Analyzing Time-Series Data
Utilizes Line Charts (Time-Series Plots), enabling visual comprehension of data points tracked over different time intervals. These plots reveal trends, cycles, and variations that can indicate changes over time.
Analyzing Quantitative Variables
Quantitative data analysis can be accomplished through:
Histograms: Visual representations that display distributions, showing counts along the y-axis and intervals on the x-axis.
Frequency Distributions - Key Considerations
When determining frequencies for numerical analysis, consider:
The necessary number of intervals (k) to categorize the data.
Setting a suitable interval width (w) that fits the data’s natural distribution.
Ensuring intervals are inclusive and non-overlapping to maintain analytical integrity.
Example of Salary Frequency Distribution: Displays categories based on predetermined intervals and their corresponding frequency counts, allowing for insight into the distribution of income.
Histogram
A graphical representation portraying frequency distributions where intervals are on the x-axis and corresponding frequency counts are on the y-axis.

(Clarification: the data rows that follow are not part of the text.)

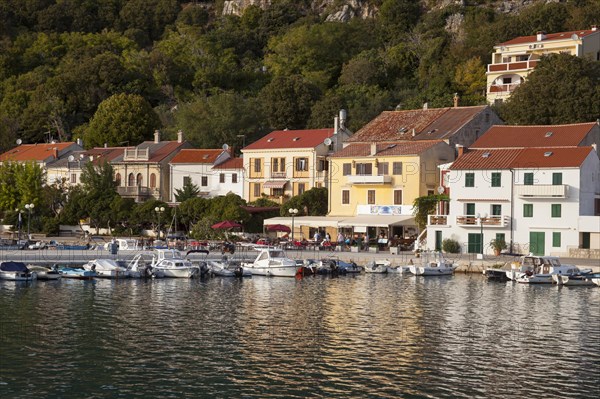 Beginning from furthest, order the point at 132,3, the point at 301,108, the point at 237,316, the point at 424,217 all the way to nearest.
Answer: the point at 132,3, the point at 301,108, the point at 424,217, the point at 237,316

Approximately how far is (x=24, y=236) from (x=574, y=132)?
137 ft

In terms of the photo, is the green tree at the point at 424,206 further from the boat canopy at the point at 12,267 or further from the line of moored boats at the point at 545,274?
the boat canopy at the point at 12,267

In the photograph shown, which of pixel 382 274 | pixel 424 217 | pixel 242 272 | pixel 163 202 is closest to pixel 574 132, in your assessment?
pixel 424 217

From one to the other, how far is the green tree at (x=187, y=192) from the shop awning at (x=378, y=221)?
664 inches

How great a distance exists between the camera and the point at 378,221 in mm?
69500

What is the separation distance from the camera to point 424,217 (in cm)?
6819

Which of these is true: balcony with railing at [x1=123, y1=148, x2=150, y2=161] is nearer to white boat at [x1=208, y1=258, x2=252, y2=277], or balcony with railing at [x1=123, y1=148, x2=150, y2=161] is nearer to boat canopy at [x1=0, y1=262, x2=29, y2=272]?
white boat at [x1=208, y1=258, x2=252, y2=277]

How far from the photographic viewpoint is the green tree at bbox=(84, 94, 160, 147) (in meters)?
101

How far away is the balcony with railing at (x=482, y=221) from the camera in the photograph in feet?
211

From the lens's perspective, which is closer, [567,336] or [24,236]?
[567,336]

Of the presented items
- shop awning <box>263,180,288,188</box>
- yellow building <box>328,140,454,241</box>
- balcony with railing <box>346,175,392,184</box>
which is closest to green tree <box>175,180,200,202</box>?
shop awning <box>263,180,288,188</box>

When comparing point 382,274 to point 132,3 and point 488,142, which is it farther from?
point 132,3

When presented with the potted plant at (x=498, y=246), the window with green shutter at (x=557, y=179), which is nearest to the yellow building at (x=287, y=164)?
the potted plant at (x=498, y=246)

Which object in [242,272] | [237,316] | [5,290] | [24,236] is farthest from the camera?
[24,236] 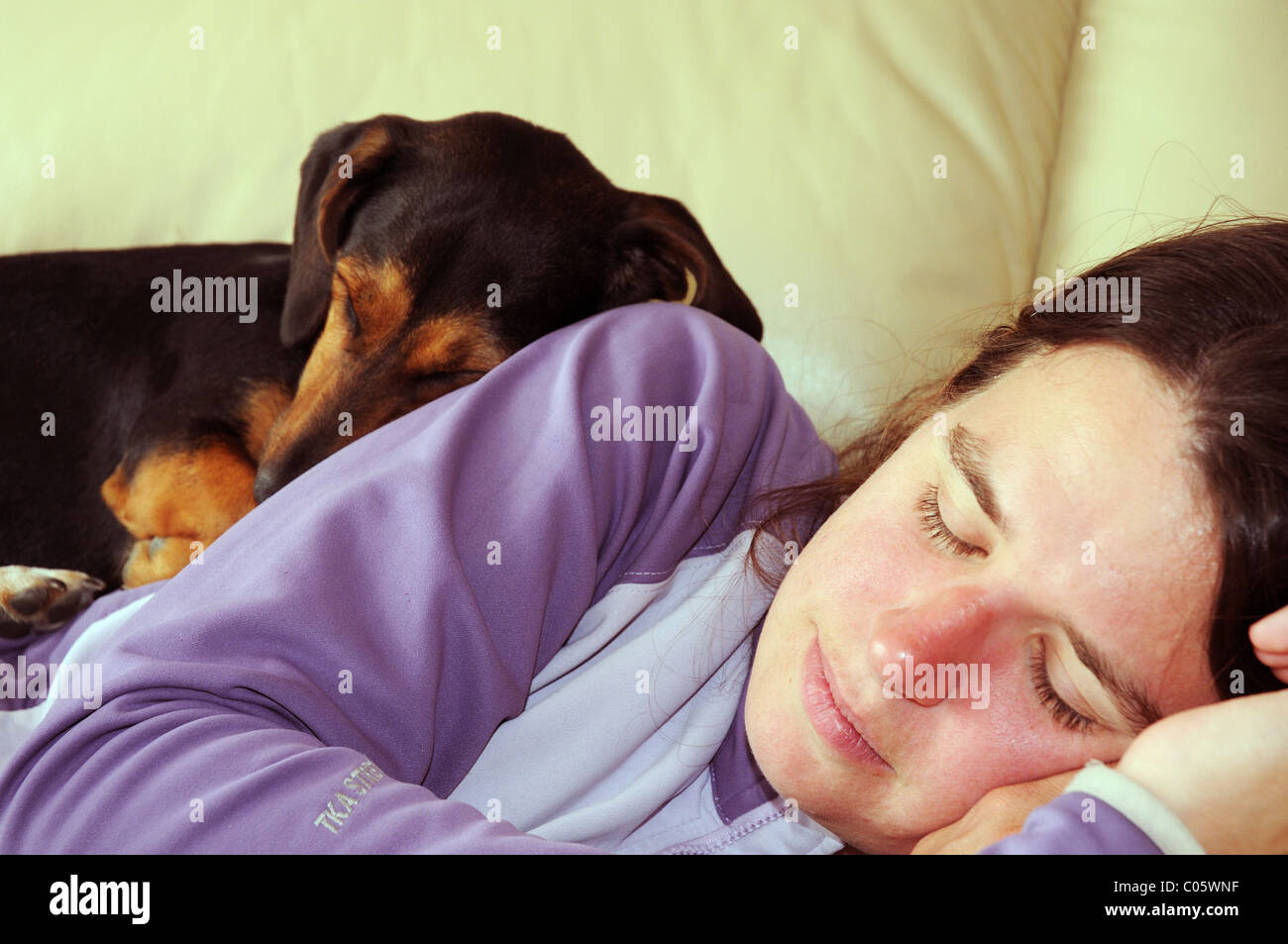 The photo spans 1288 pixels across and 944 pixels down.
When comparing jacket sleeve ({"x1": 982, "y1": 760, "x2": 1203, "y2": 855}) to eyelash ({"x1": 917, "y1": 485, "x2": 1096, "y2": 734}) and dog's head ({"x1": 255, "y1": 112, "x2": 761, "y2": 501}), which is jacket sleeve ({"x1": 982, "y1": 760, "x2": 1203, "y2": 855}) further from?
dog's head ({"x1": 255, "y1": 112, "x2": 761, "y2": 501})

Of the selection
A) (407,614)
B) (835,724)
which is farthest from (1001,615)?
(407,614)

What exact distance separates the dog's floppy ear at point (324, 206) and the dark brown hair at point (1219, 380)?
2.69 feet

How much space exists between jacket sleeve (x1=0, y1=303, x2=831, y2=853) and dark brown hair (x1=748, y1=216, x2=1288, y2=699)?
165 millimetres

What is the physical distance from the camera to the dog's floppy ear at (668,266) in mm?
1731

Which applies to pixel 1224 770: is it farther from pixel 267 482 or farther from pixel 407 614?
pixel 267 482

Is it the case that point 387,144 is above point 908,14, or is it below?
below

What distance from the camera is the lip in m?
1.05

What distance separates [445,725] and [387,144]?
1.01m

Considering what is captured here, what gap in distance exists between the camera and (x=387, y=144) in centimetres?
177

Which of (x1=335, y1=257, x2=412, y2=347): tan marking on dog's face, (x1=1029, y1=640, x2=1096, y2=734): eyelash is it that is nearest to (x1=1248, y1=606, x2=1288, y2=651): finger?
(x1=1029, y1=640, x2=1096, y2=734): eyelash

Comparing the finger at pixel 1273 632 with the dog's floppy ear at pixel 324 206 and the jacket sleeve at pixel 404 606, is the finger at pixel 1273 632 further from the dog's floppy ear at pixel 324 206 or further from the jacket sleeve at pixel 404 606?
the dog's floppy ear at pixel 324 206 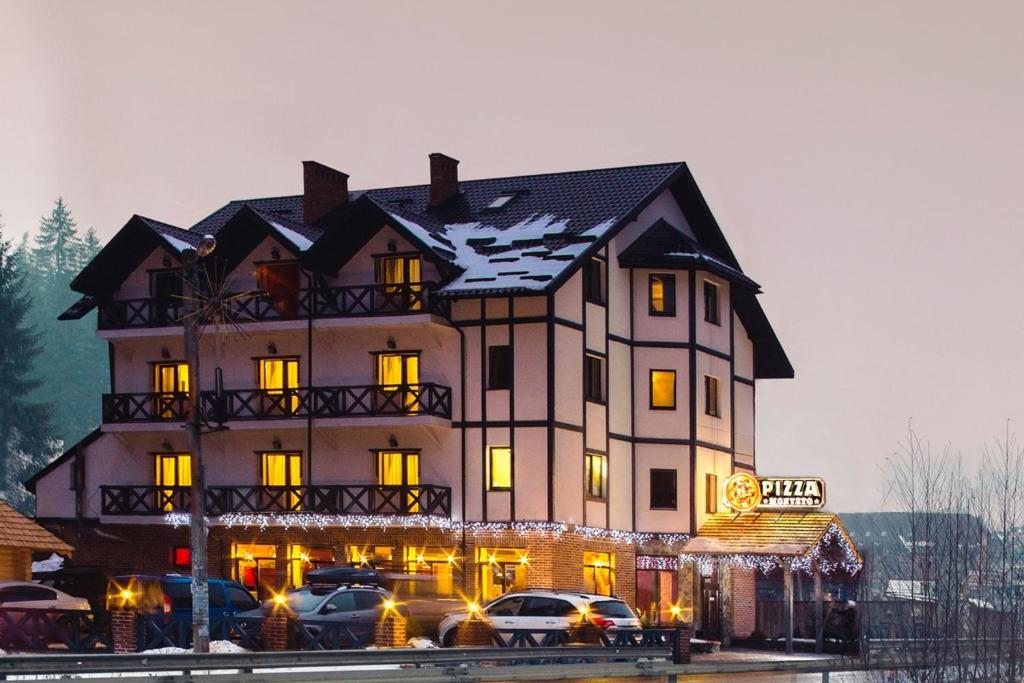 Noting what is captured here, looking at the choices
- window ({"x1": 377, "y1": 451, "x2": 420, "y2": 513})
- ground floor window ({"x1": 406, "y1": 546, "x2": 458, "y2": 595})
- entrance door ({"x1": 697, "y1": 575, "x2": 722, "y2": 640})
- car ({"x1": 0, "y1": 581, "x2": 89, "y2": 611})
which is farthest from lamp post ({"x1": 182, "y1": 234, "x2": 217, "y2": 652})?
entrance door ({"x1": 697, "y1": 575, "x2": 722, "y2": 640})

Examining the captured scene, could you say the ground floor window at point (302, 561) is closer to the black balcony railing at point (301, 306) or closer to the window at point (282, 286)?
the black balcony railing at point (301, 306)

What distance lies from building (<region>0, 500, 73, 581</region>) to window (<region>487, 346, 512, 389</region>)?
13048mm

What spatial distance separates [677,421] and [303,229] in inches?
519

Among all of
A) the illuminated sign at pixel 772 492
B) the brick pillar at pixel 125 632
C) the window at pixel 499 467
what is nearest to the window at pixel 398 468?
the window at pixel 499 467

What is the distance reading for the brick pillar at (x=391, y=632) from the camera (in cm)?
3953

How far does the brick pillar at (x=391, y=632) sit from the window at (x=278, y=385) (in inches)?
Answer: 688

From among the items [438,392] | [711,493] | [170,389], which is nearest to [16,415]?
[170,389]

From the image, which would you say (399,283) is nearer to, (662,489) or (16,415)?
(662,489)

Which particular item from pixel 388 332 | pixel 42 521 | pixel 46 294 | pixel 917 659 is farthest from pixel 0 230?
pixel 917 659

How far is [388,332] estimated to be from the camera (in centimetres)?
5659

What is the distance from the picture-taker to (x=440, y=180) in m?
62.8

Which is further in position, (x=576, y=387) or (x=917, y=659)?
(x=576, y=387)

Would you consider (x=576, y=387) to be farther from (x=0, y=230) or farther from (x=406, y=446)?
(x=0, y=230)

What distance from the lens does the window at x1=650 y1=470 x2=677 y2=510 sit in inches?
2277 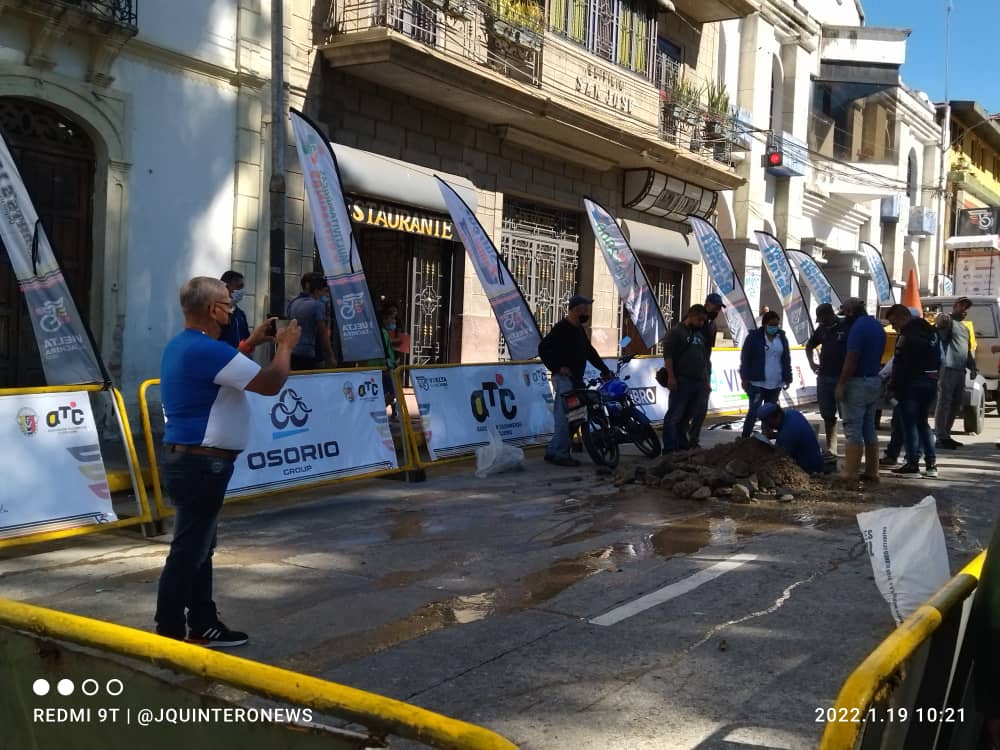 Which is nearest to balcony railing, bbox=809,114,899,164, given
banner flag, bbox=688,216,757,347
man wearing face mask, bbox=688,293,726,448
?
banner flag, bbox=688,216,757,347

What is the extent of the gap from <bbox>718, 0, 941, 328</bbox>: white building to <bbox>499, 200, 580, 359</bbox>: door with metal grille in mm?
7112

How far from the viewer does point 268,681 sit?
189 cm

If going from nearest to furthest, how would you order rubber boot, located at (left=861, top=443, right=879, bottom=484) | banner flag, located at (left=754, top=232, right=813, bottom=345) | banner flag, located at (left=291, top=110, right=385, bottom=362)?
rubber boot, located at (left=861, top=443, right=879, bottom=484), banner flag, located at (left=291, top=110, right=385, bottom=362), banner flag, located at (left=754, top=232, right=813, bottom=345)

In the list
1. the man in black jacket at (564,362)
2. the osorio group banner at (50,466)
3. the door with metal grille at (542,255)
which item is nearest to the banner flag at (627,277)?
the door with metal grille at (542,255)

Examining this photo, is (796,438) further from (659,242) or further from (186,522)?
(659,242)

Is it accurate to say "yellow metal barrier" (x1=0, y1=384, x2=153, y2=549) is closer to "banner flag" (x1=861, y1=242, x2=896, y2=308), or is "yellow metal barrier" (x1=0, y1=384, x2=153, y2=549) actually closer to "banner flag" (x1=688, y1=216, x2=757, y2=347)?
"banner flag" (x1=688, y1=216, x2=757, y2=347)

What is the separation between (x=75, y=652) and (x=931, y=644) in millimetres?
1953

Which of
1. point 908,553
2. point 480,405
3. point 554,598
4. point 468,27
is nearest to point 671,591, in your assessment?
point 554,598

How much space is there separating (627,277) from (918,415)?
5453 mm

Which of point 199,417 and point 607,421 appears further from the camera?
point 607,421

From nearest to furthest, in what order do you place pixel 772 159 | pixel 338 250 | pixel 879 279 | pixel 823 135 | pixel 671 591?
pixel 671 591
pixel 338 250
pixel 772 159
pixel 879 279
pixel 823 135

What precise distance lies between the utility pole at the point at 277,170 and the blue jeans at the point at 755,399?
A: 608cm

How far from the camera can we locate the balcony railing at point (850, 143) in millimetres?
29500

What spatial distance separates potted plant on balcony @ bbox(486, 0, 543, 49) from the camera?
15844mm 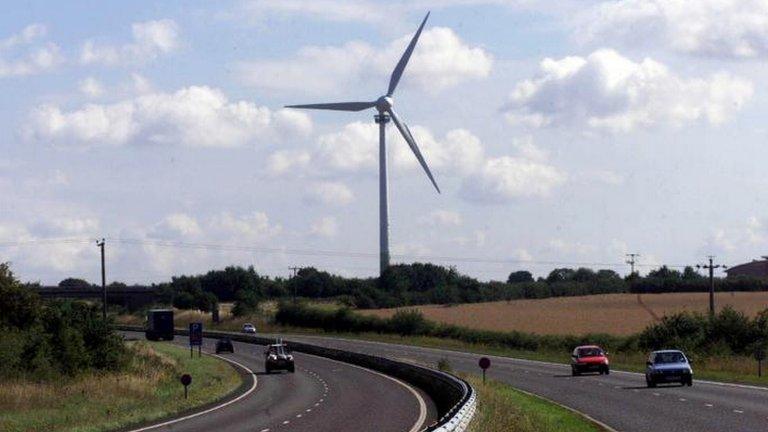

The shape of the histogram provides insight into data distribution characteristics.
For histograms:
w = (Largest Observation - Smallest Obsrvation)/k, where k is the number of intervals. w is the width of each interval, which helps to determine how the data is grouped and visualized in the histogram.
Make sure the intervals are inclusive and non-overlapping to accurately represent the frequency of observations within each range, ensuring that each data point is accounted for without duplication.
Ensure that you understand cumulative frequency and relative cumulative frequency.
Distribution Shapes
Analyzing the shape of a distribution in a histogram can reveal:
Symmetric Distribution: Reflects a balanced dataset.
Skewed Right Distribution: Shows a longer tail on the right side, indicating more lower values.
Skewed Left Distribution: Indicates a longer tail on the left side, showing that there are a few lower values affecting the average. (i.e there are more higher values)
Scatter Plot
This is used to analyze the relationship between two numerical variables. For instance, examining Income vs. Years of Education may uncover correlations between educational attainment and income levels.
Software for Analysis
Utilize tools like Excel or CALC for creating charts and conducting comprehensive data analysis. However, employ caution, as visual representations can mislead; always reference guidelines on interpreting graphs accurately.
Suggested Readings and Exercises
Read Chapter 2, Sections 2.1, 2.2, 2.3 in the textbook for detailed understanding.
Suggested exercises include Section 2.2, Questions 12 and 20, providing practical applications of the concepts discussed.